## Image-text web data
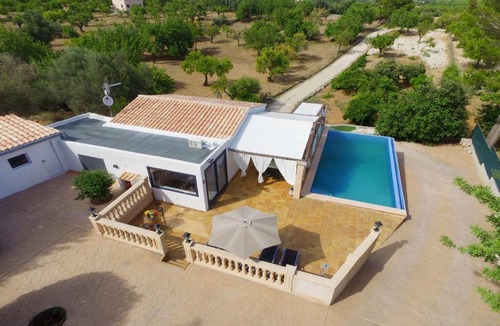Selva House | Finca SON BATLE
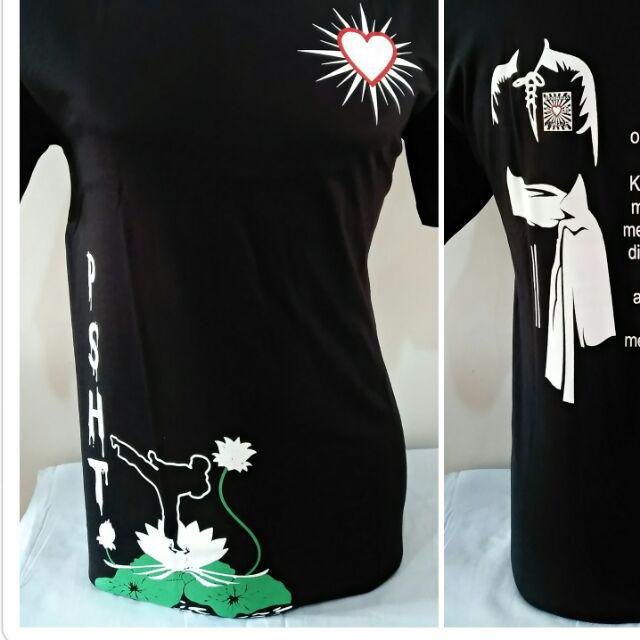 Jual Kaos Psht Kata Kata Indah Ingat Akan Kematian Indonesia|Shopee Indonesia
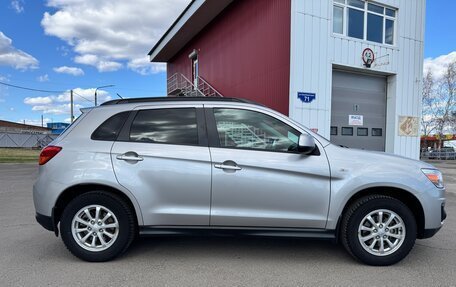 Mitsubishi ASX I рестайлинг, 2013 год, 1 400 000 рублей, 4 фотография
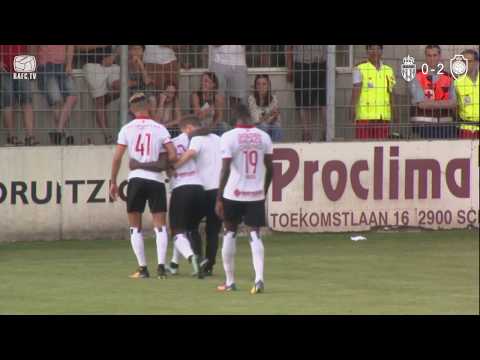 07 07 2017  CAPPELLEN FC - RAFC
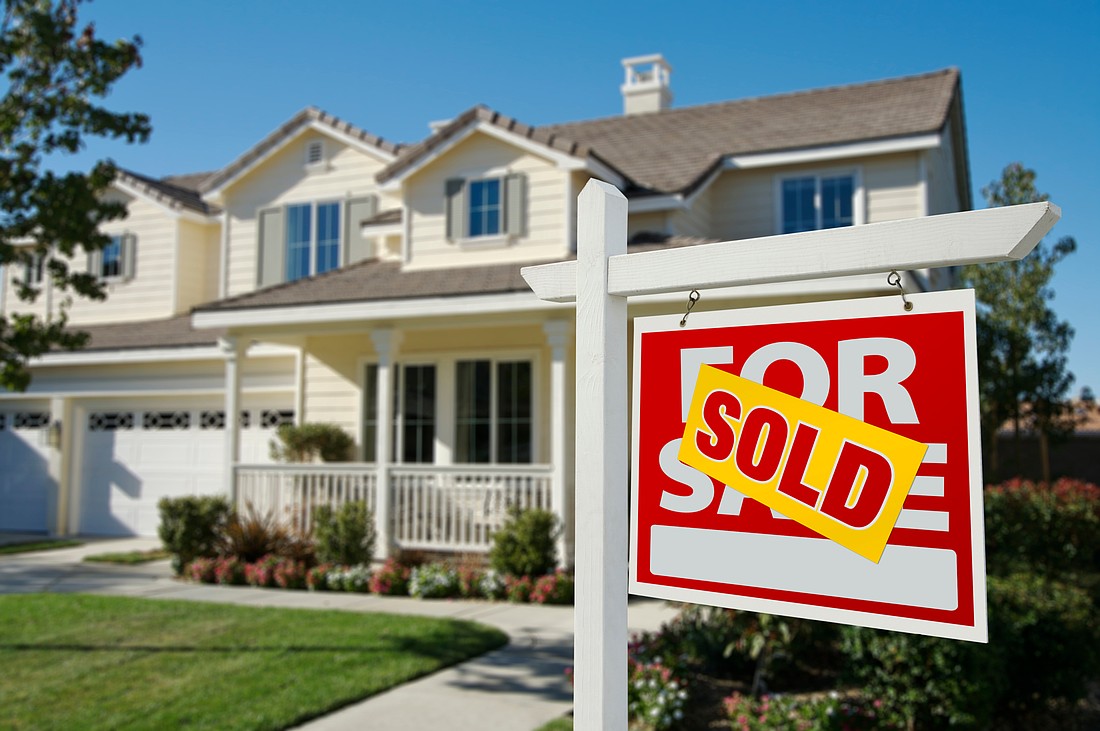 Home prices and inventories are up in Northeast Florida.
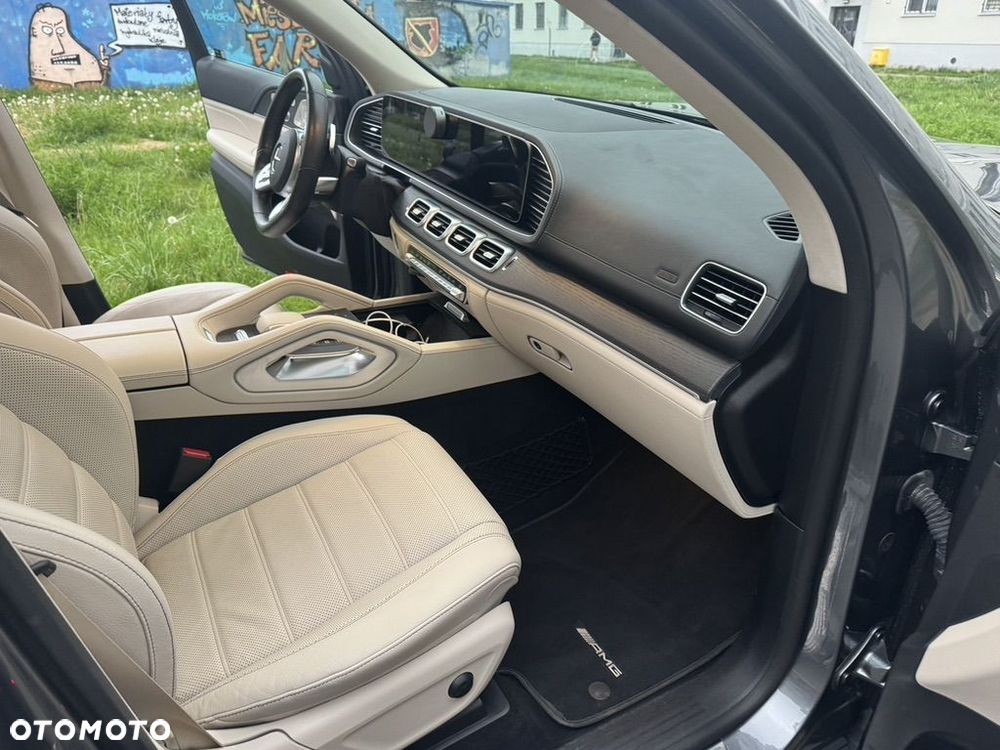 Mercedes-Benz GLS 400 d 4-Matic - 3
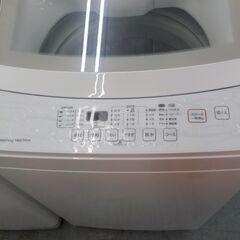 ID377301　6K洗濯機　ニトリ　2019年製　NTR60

## Task brief
Return every entry word for word, but drop any pictures.

## Written response
Selva House | Finca SON BATLE
 Jual Kaos Psht Kata Kata Indah Ingat Akan Kematian Indonesia|Shopee Indonesia
 Mitsubishi ASX I рестайлинг, 2013 год, 1 400 000 рублей, 4 фотография
 07 07 2017  CAPPELLEN FC - RAFC
 Home prices and inventories are up in Northeast Florida.
 Mercedes-Benz GLS 400 d 4-Matic - 3
 ID377301　6K洗濯機　ニトリ　2019年製　NTR60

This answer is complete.